> [MATERIAL SHOWN]
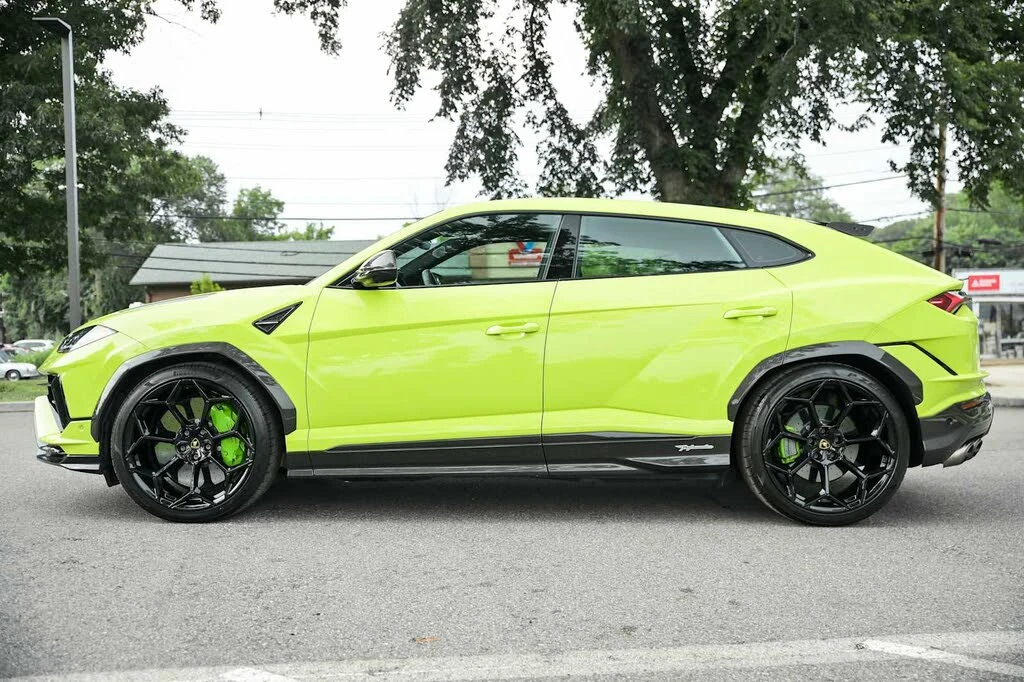 2024 Lamborghini Urus Performante - Image 15 of 31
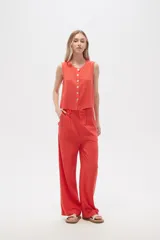 Musculosa color coral sin mangas de viscosa, corte holgado, con botones y cuello a la base.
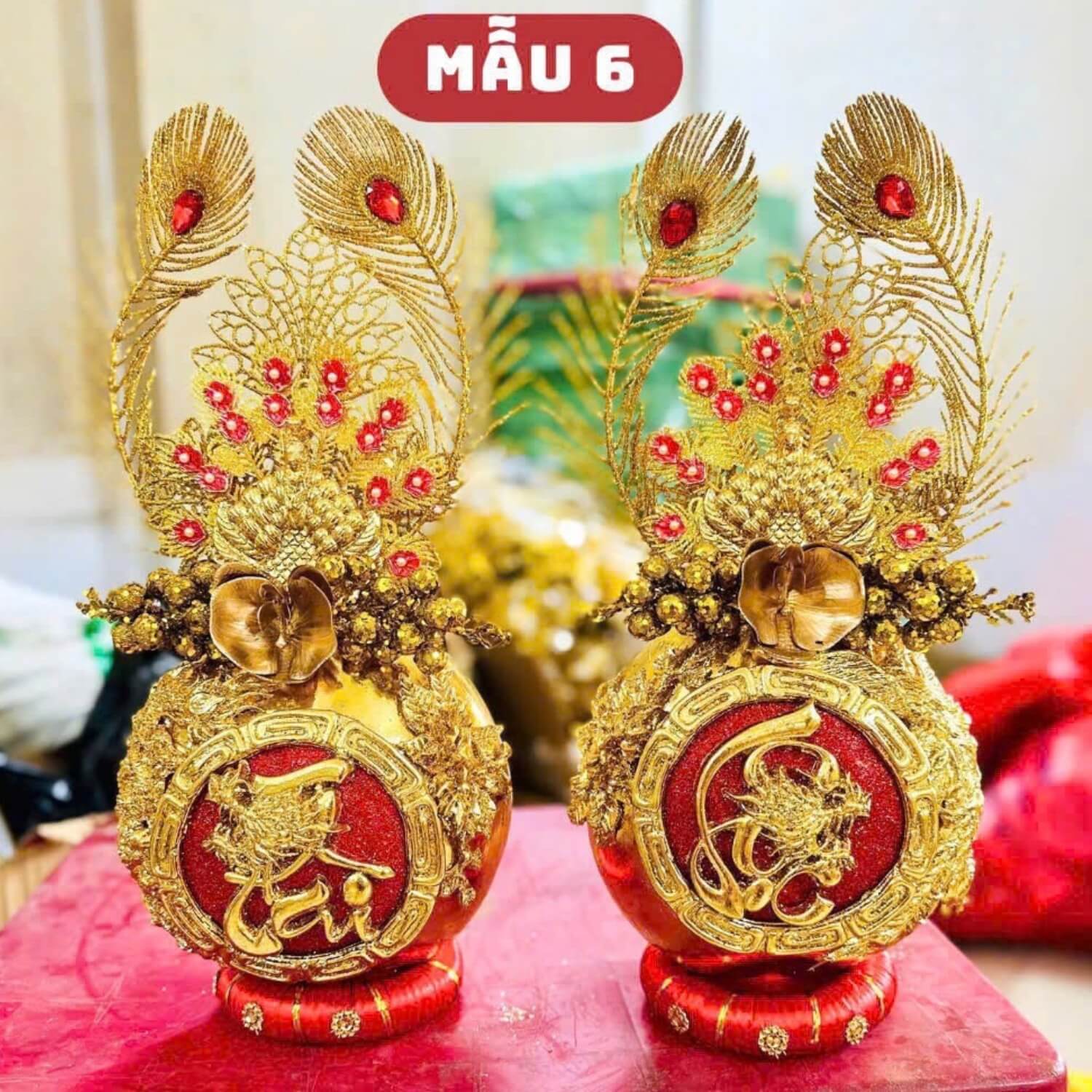 dua dat vang 07 Dừa có dát vàng chưng Tết Bính Ngọ 2026 với biểu tượng rồng vàng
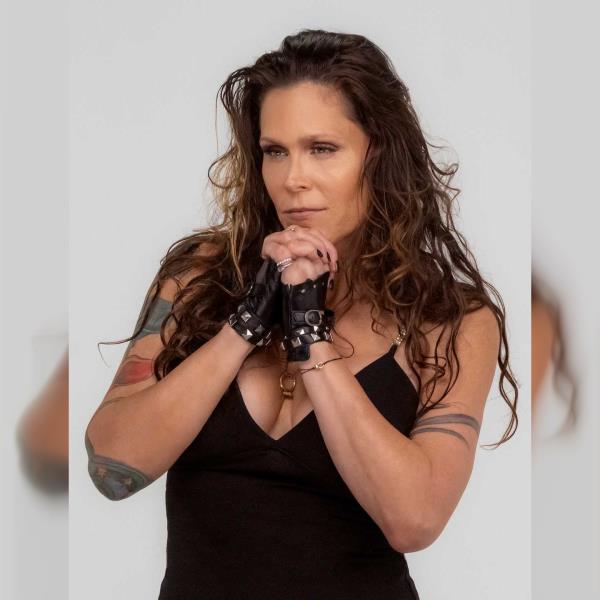 BETH HART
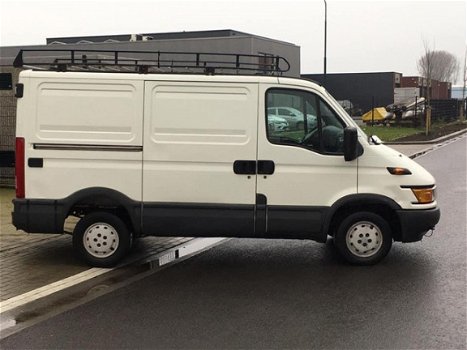 Iveco Daily - 29.L.10V 2004 186DKM NAP/NWE APK/Nette Bus - 1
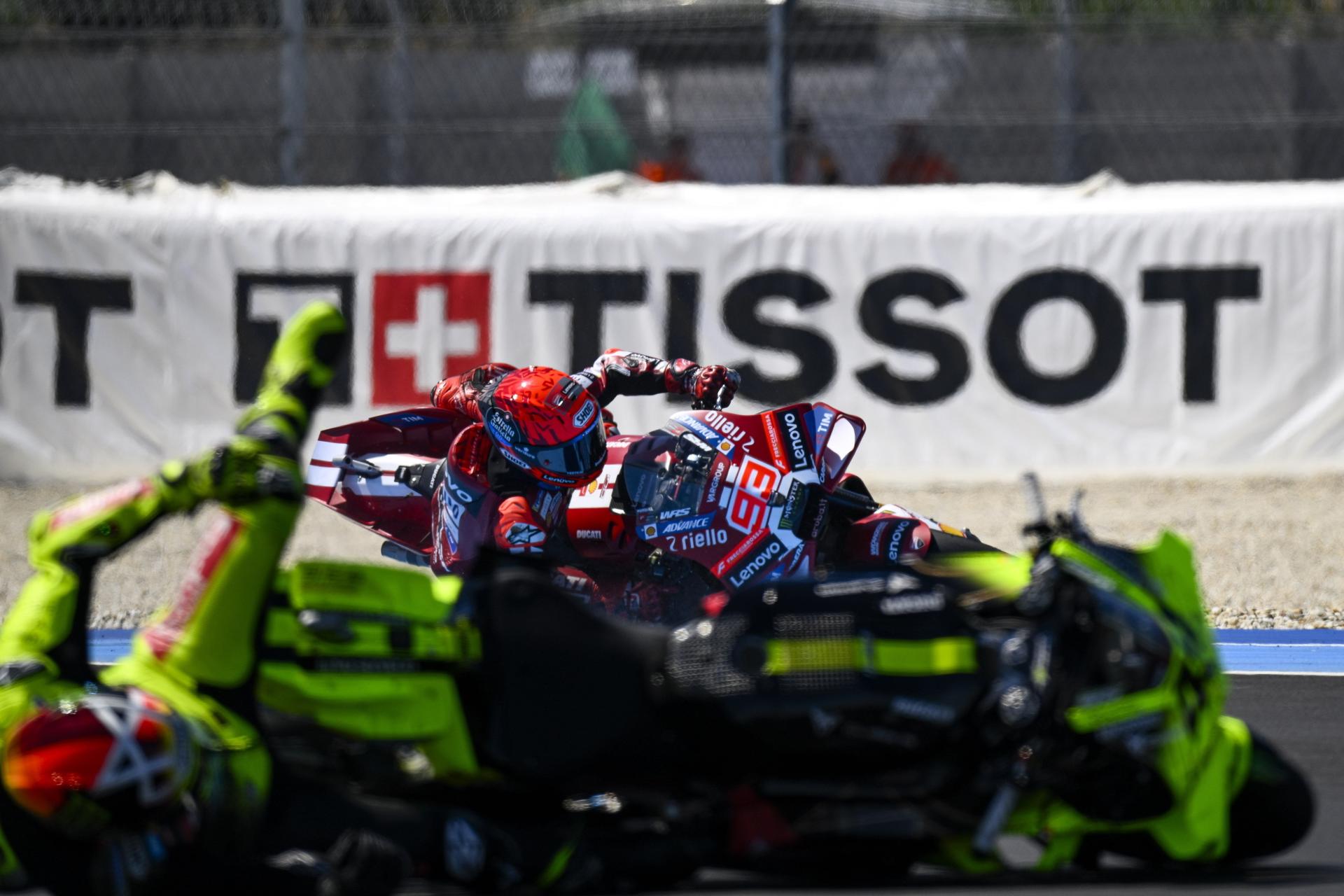 El piloto español Marc Márquez, de Ducati Lenovo, se cae, mientras que el piloto italiano Fabio Di Giannantonio (delante), de Pertamina Enduro VR46, sufre una caída durante la sesión de clasificación de MotoGP del Gran Premio de Hungría, celebrado en el circuito Balaton Park de Balatonfokajar. EFE/EPA/Boglarka Bodnar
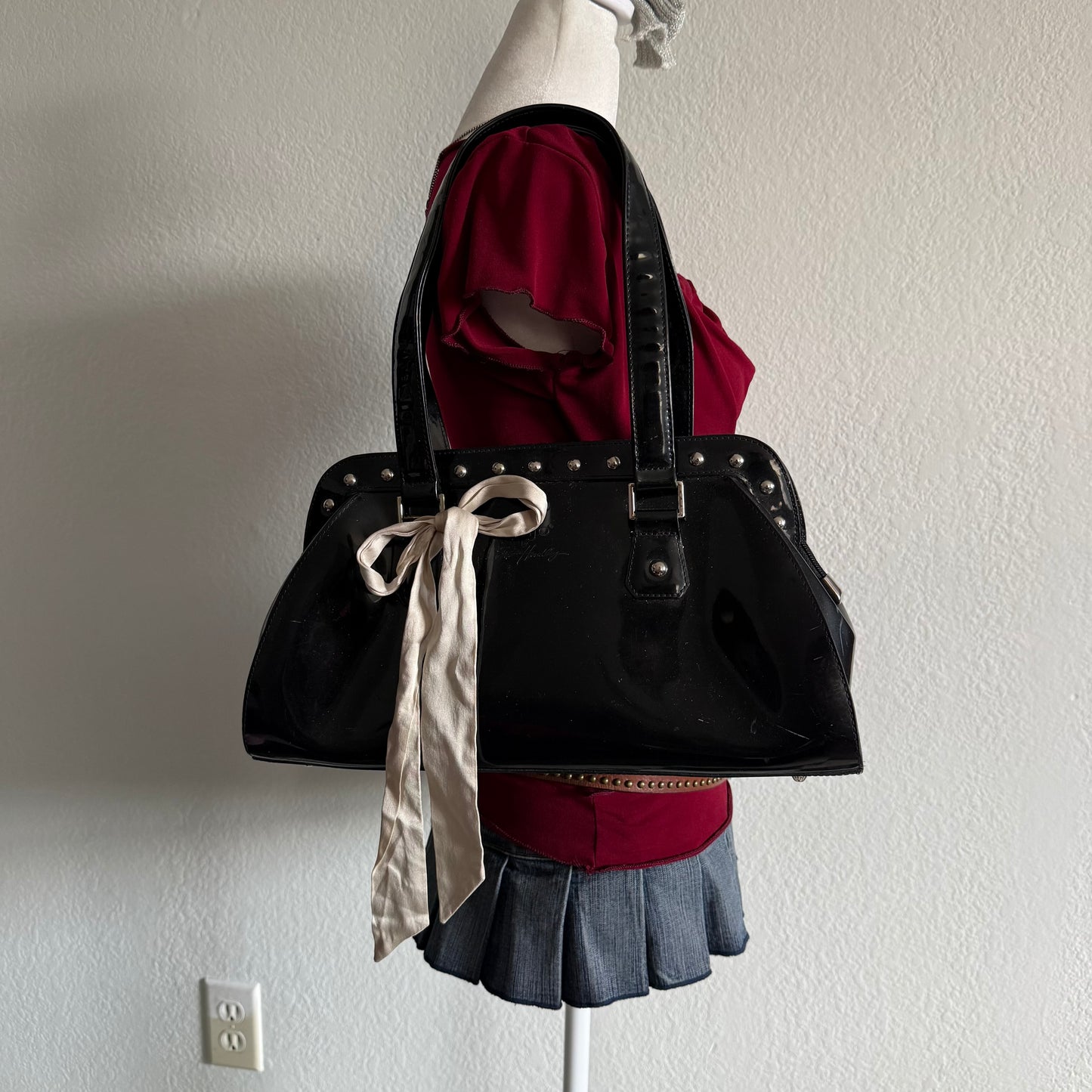 Black everyday shoulder bag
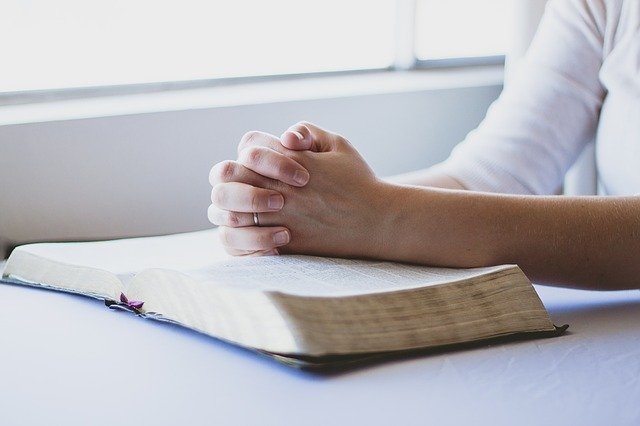Religija je resnična za verujoče, napačna za pametne in uporabna za vladajoče.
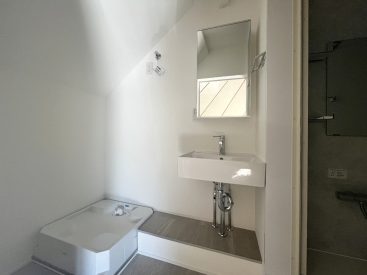 シンプルな洗面脱衣所。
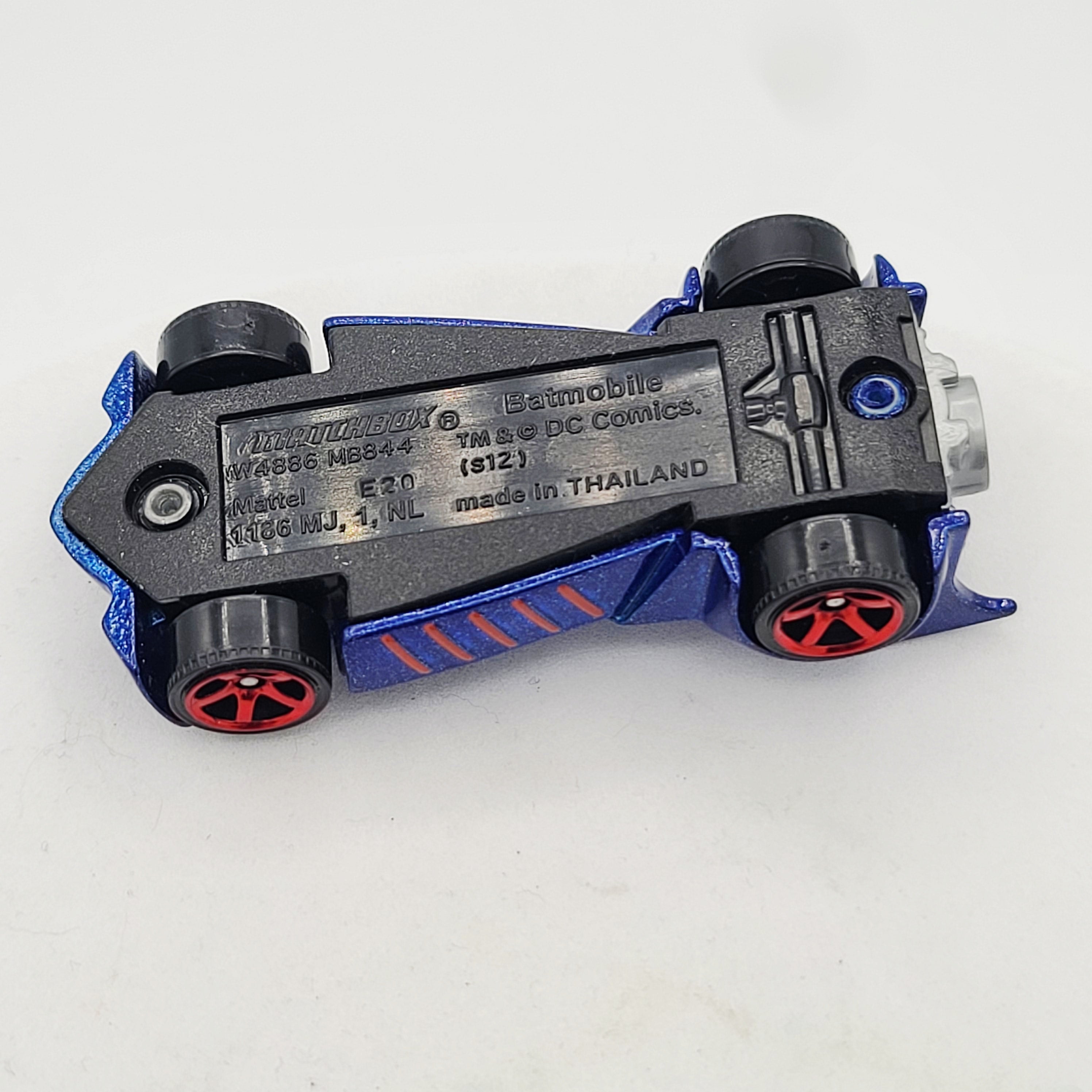 Matchbox Batmobile Batman (2012 MBX Basic - City)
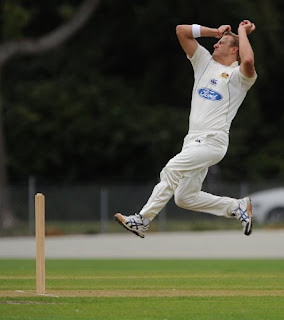 Neil Wagner bowling action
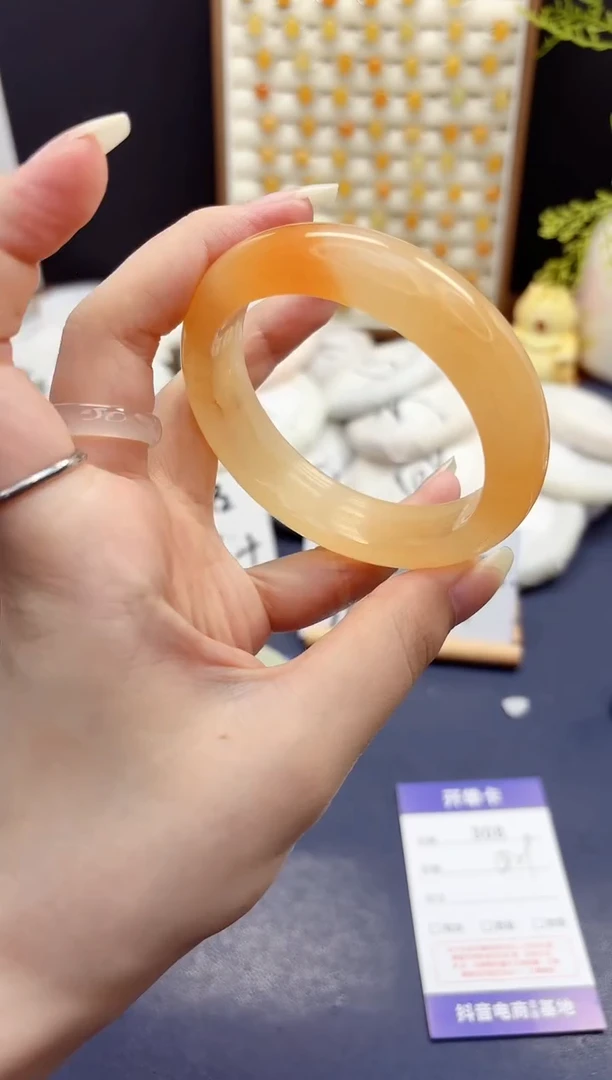 石英质玉手镯未镶嵌308-财气镯-圈口57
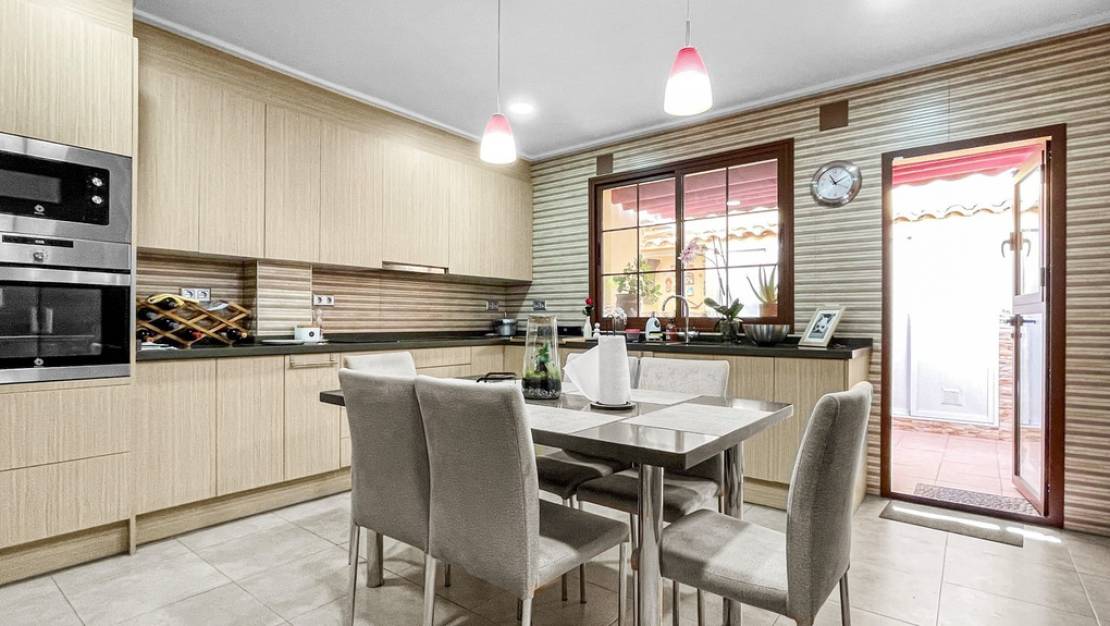 Sale - Town House - Torrevieja - Torrevieja Centro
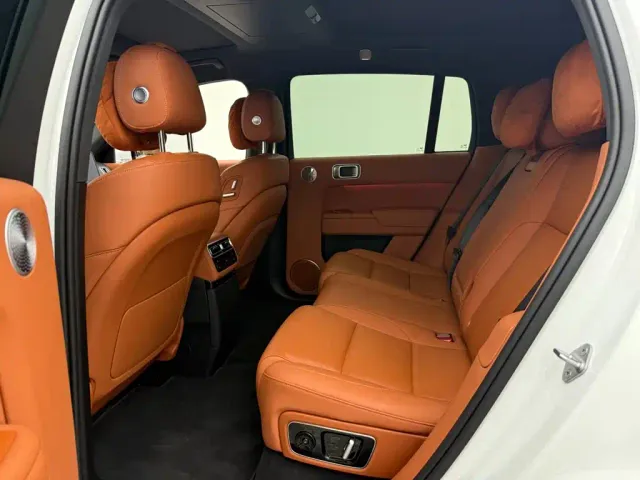 Li Auto L7 — Фото автомобиля 6
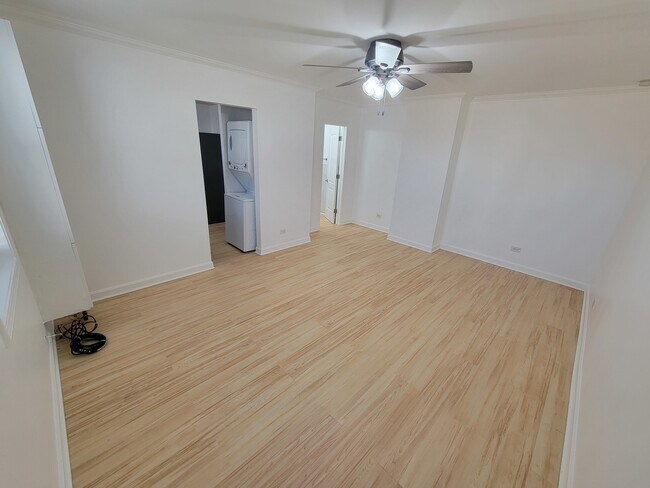 Foto del edificio - 6222 W Addison St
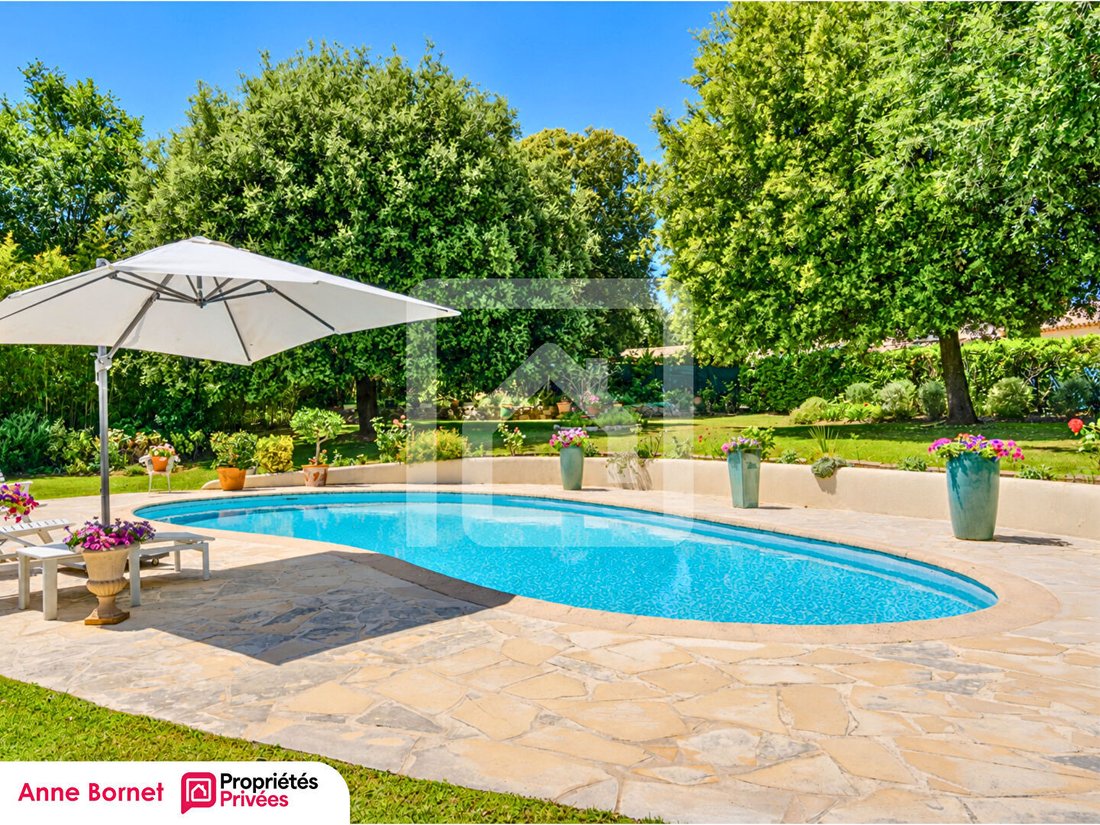 Villa en Le Rouret, Provenza-Alpes-Costa Azul, Francia 4 - 18731391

> [WHAT IS EXPECTED] Everything above from the line containing "El piloto español" down to the line containing "Neil Wagner bowling action" is to be duplicated exactly, both lines included, and the pictures are to be omitted.

> [TASK OUTPUT]
 El piloto español Marc Márquez, de Ducati Lenovo, se cae, mientras que el piloto italiano Fabio Di Giannantonio (delante), de Pertamina Enduro VR46, sufre una caída durante la sesión de clasificación de MotoGP del Gran Premio de Hungría, celebrado en el circuito Balaton Park de Balatonfokajar. EFE/EPA/Boglarka Bodnar
 Black everyday shoulder bag
Religija je resnična za verujoče, napačna za pametne in uporabna za vladajoče.
 シンプルな洗面脱衣所。
 Matchbox Batmobile Batman (2012 MBX Basic - City)
 Neil Wagner bowling action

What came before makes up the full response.